===== Data under study =====

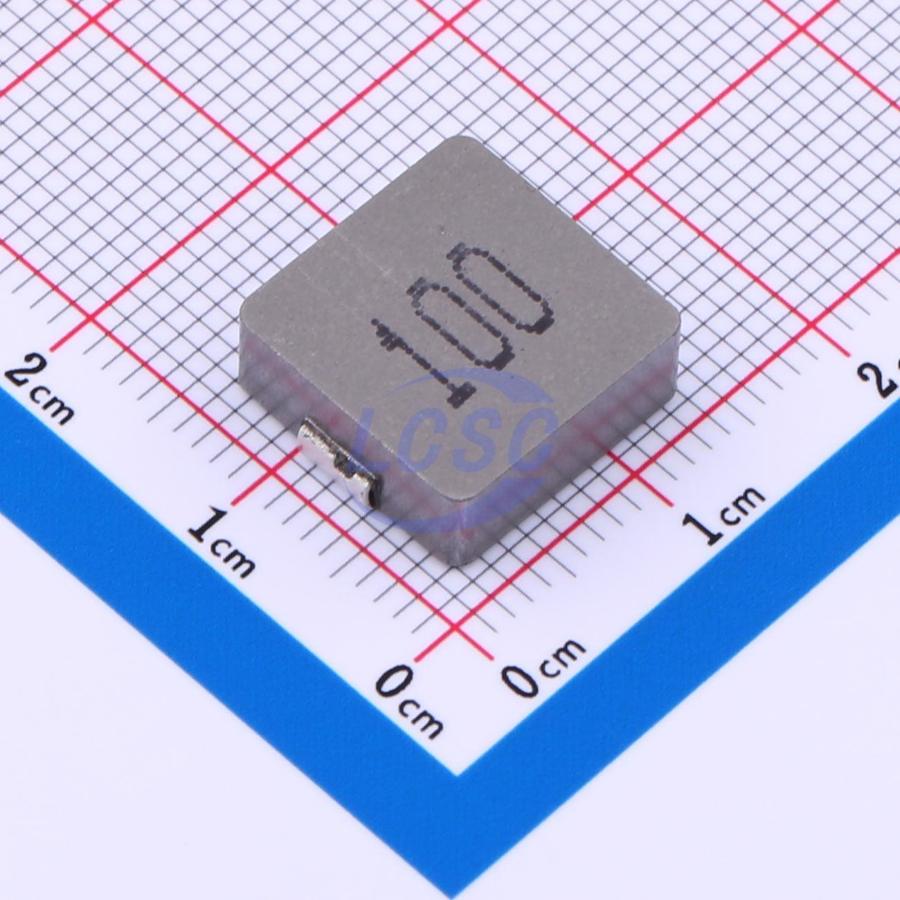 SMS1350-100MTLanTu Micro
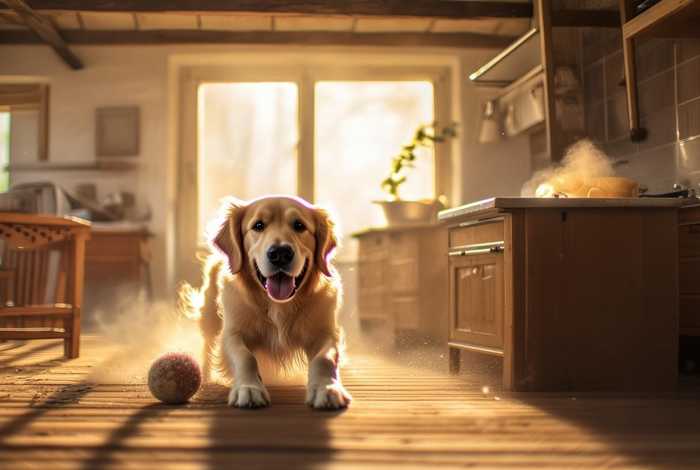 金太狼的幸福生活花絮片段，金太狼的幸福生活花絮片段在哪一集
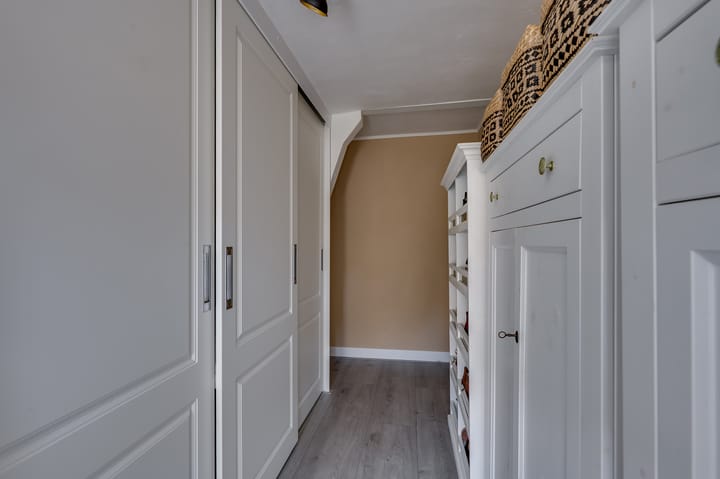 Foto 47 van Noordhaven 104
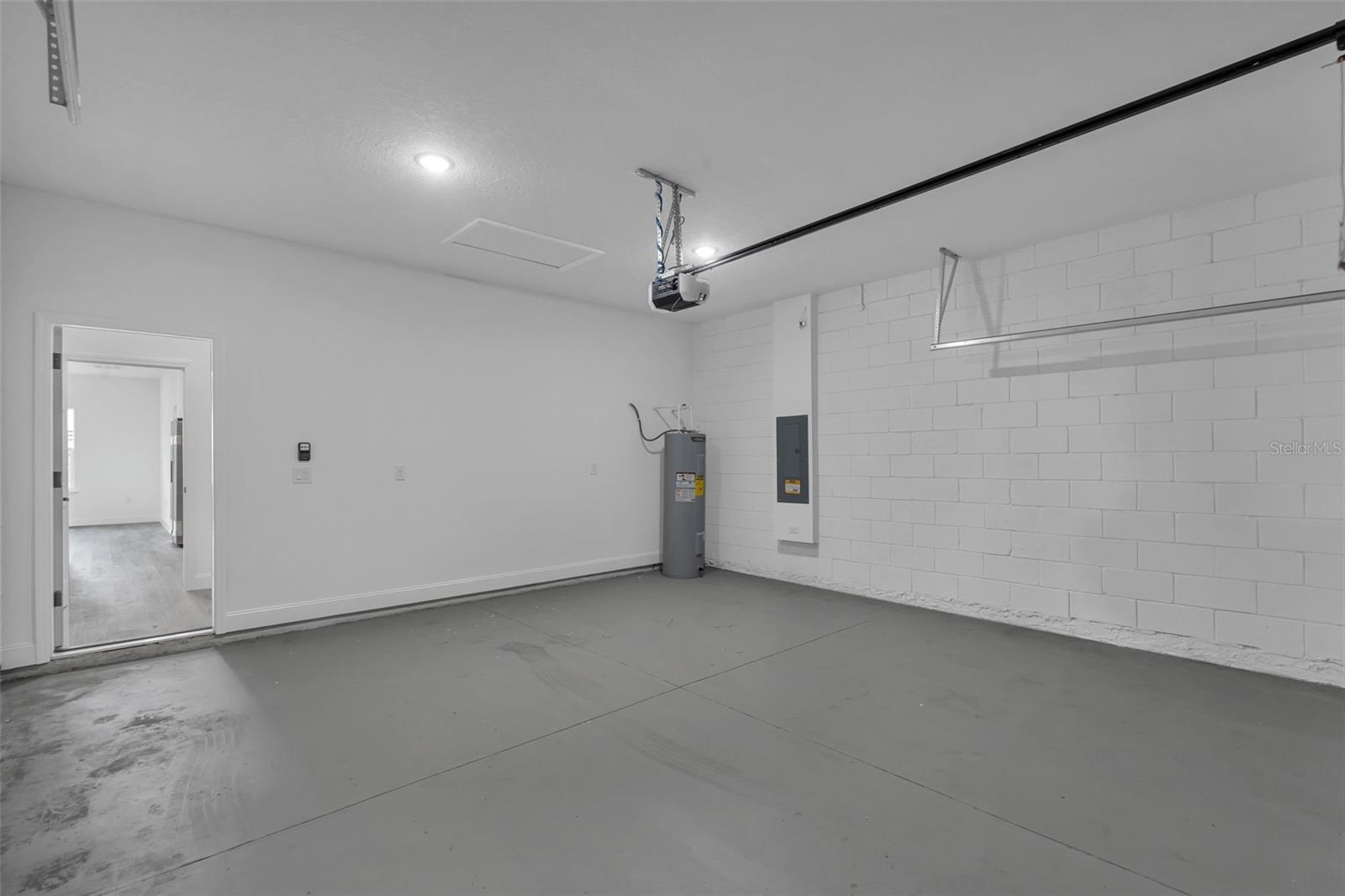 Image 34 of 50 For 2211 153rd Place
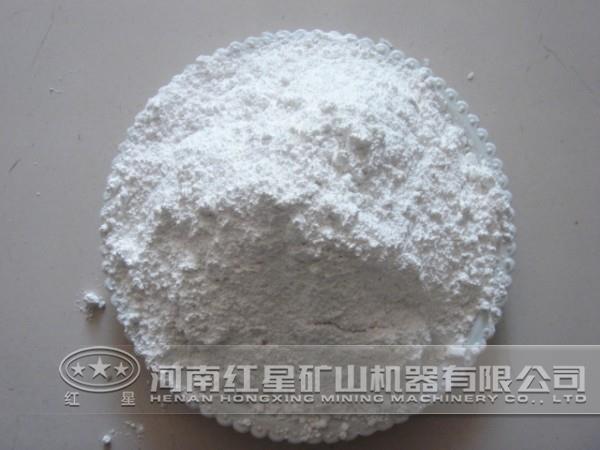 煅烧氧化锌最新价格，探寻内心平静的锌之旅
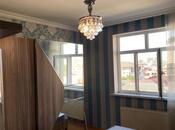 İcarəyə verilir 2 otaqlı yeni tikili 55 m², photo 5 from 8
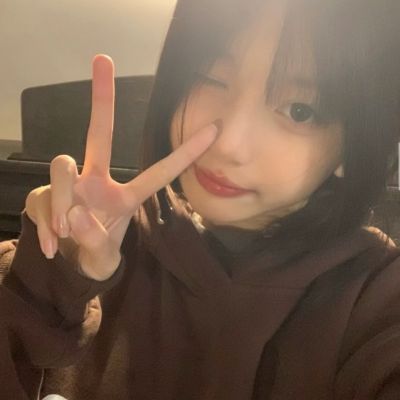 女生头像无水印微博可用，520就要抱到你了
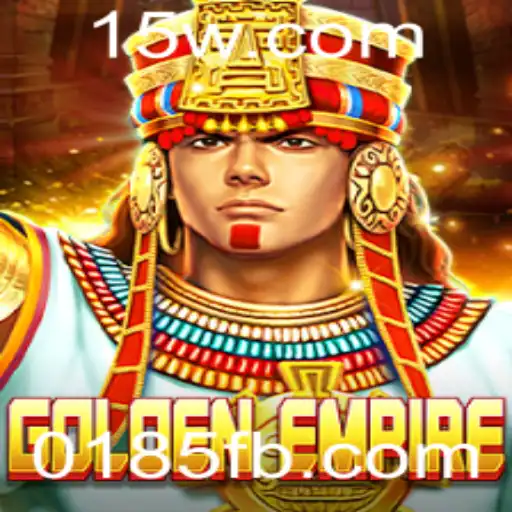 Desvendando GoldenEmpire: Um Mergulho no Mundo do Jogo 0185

=====
===== Data under study =====

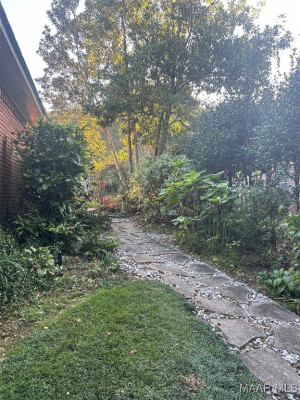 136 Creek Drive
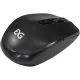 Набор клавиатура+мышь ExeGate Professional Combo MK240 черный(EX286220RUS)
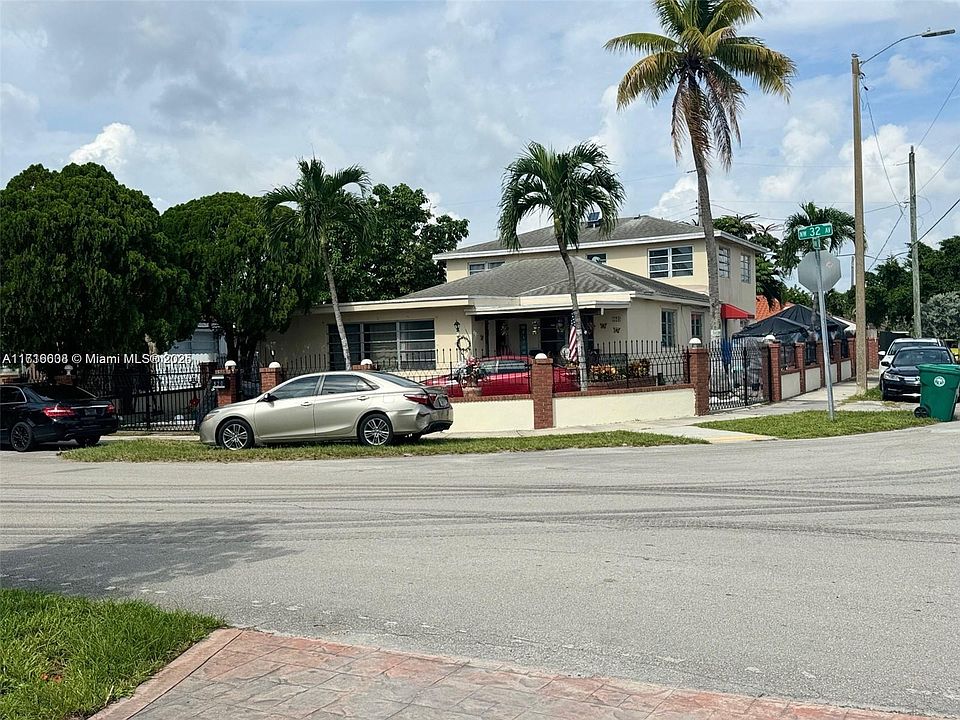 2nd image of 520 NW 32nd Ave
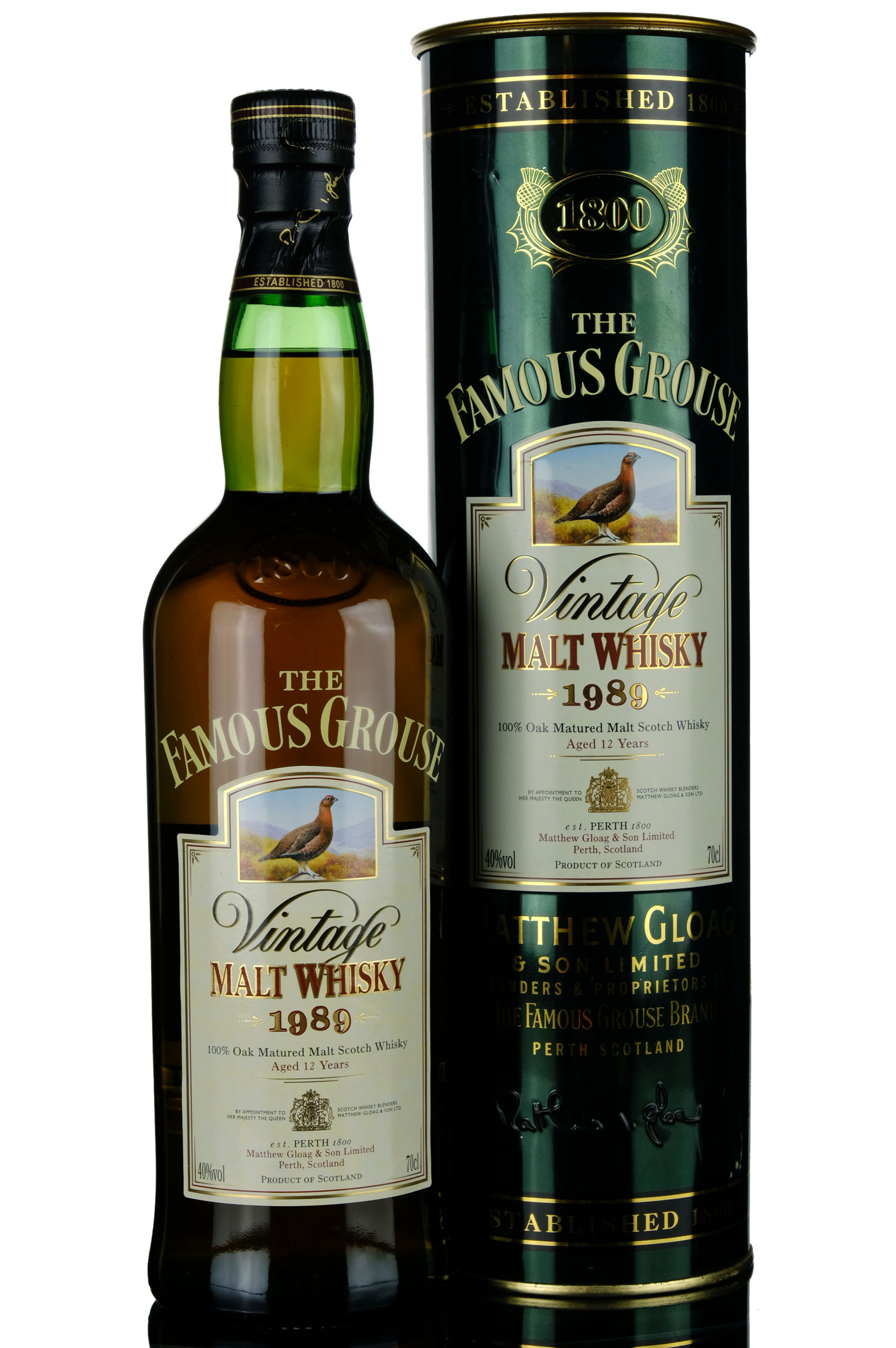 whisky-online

=====

Work required. Look above for the line with "SMS1350-100MTLanTu Micro", then give again exactly every line from there through the line with "Desvendando GoldenEmpire: Um", skipping the pictures.

The completed task.
 SMS1350-100MTLanTu Micro
 金太狼的幸福生活花絮片段，金太狼的幸福生活花絮片段在哪一集
 Foto 47 van Noordhaven 104
 Image 34 of 50 For 2211 153rd Place
 煅烧氧化锌最新价格，探寻内心平静的锌之旅
 İcarəyə verilir 2 otaqlı yeni tikili 55 m², photo 5 from 8
 女生头像无水印微博可用，520就要抱到你了
 Desvendando GoldenEmpire: Um Mergulho no Mundo do Jogo 0185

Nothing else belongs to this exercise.